TASK STATEMENT: An exact transcription of the lines from the one holding "Gold Seashell Earrings - Crystalory" to the end of the entries below, and nothing more, is the required answer. Please omit the pictures.

(Dataset items)
- Opening Delimiter -
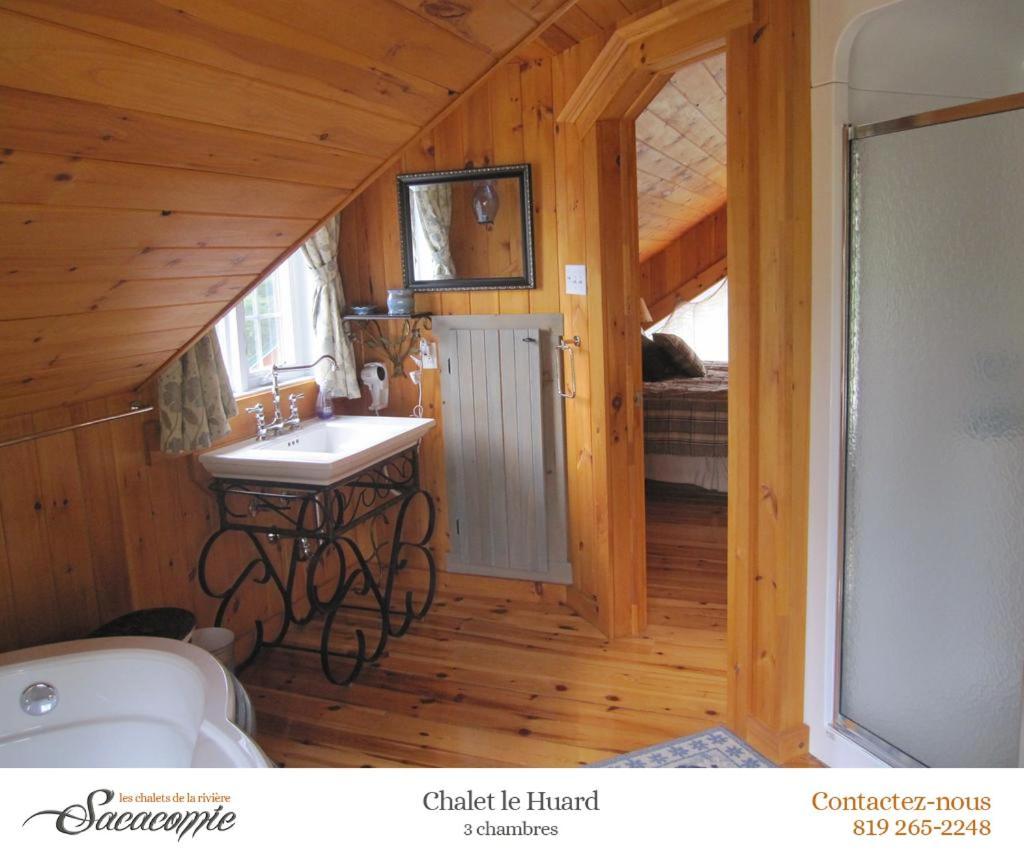 Chalets De La Riviere Sacacomie Villa Saint-Alexis-des-Monts Eksteriør bilde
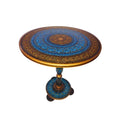 Coffee Table With Blue Naqshi Art 18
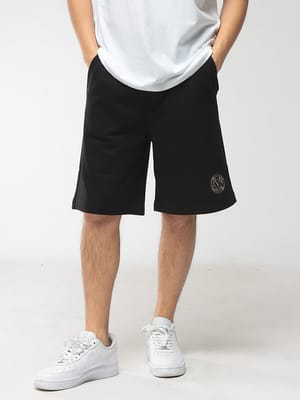 VERSACE JEANS COUTURE (ヴェルサーチェ ジーンズ クチュール) メンズ ショートパンツ レターVエンブレム スウェット ショーツ VC80GADT03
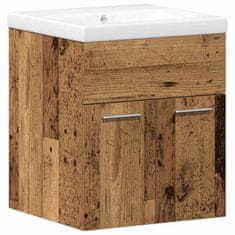 Vidaxl Komplet pohištva za kopalnico 3 pcs Star les 41 x 38.5 x 46 cm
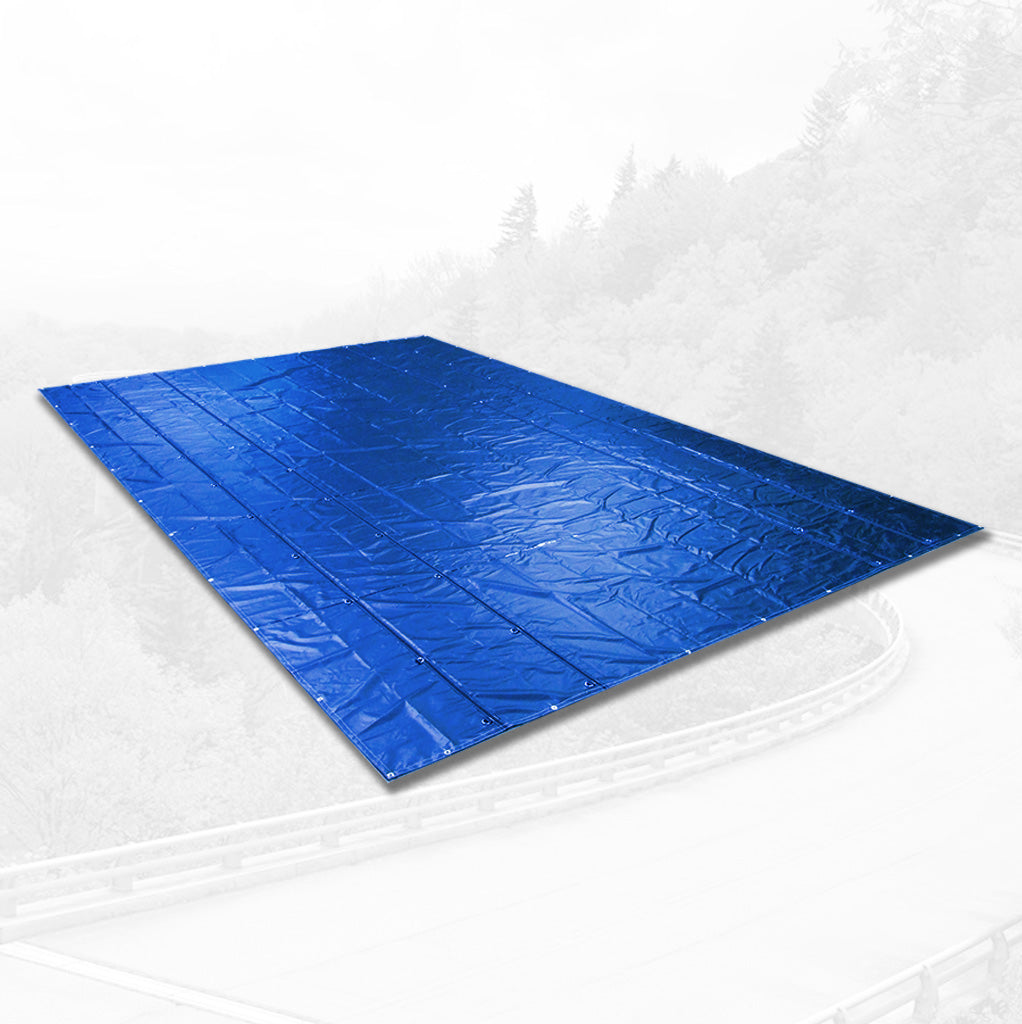16' X 25' Steel Tarp 2 rows (18 oz.) Tarpman.com | Austin Tarp & Cargo Controls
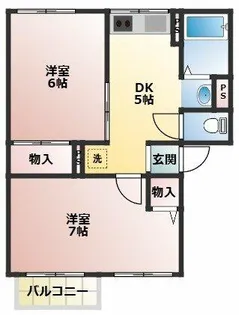 ソファレ美苑【2A号室】の間取り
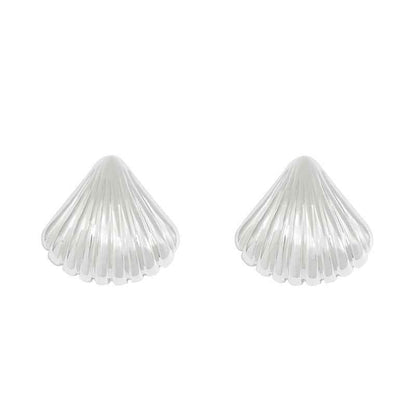 Gold Seashell Earrings - Crystalory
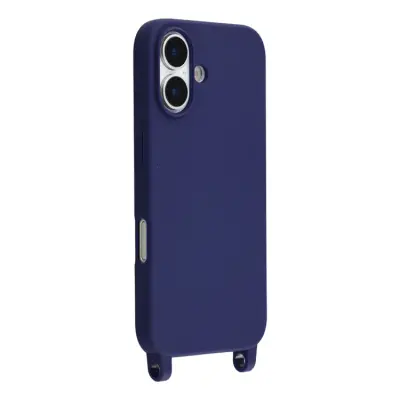 iPhone 17 Mobilskal TPU med Hål för Rem - Blå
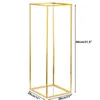 Party Dekoration 4PCS Gold Hochzeit Vase Herzstück für Tisch 80cm Blumenständer Rack Event Decorat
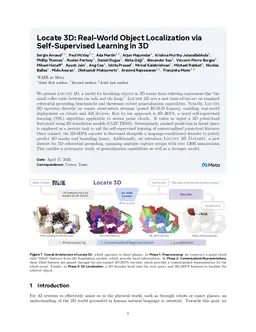 Locate 3D: Real-World Object Localization via Self-Supervised Learning in 3D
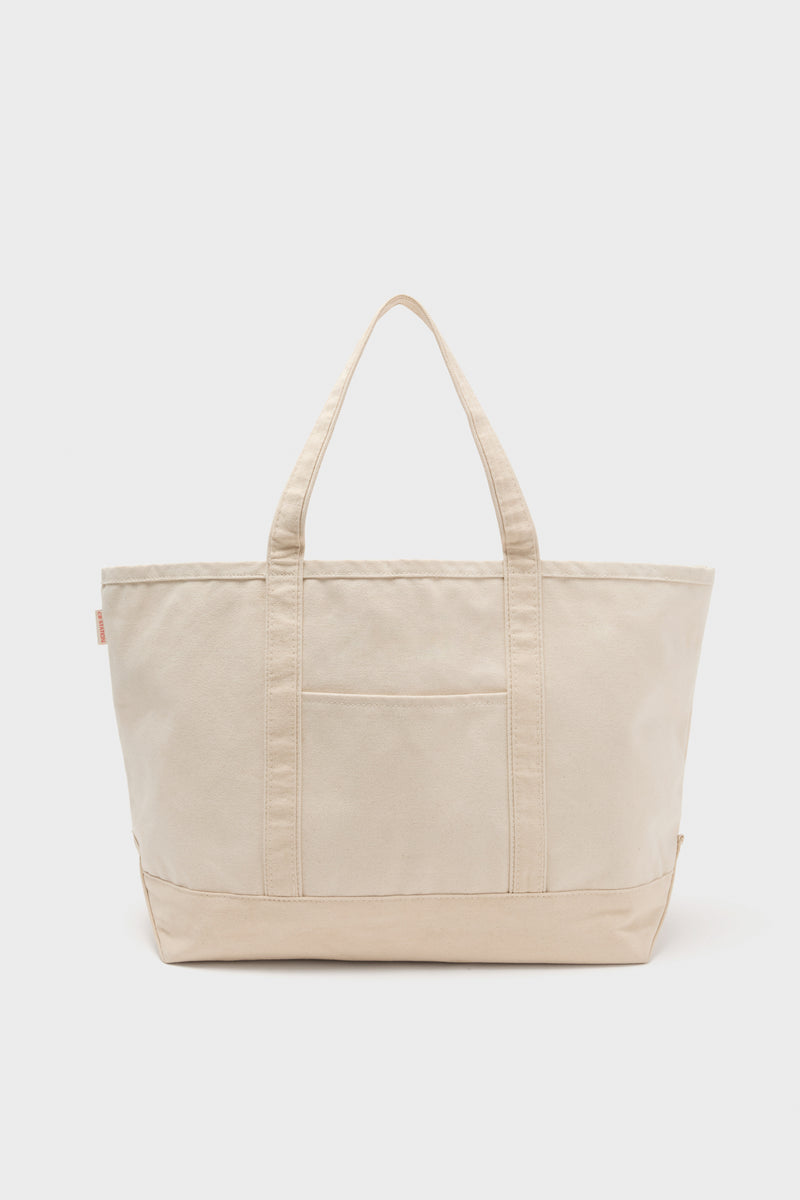 Natural Large Canvas Tote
- Closing Delimiter -
ANSWER SPACE:
 Gold Seashell Earrings - Crystalory
 iPhone 17 Mobilskal TPU med Hål för Rem - Blå
 Party Dekoration 4PCS Gold Hochzeit Vase Herzstück für Tisch 80cm Blumenständer Rack Event Decorat
 Locate 3D: Real-World Object Localization via Self-Supervised Learning in 3D
 Natural Large Canvas Tote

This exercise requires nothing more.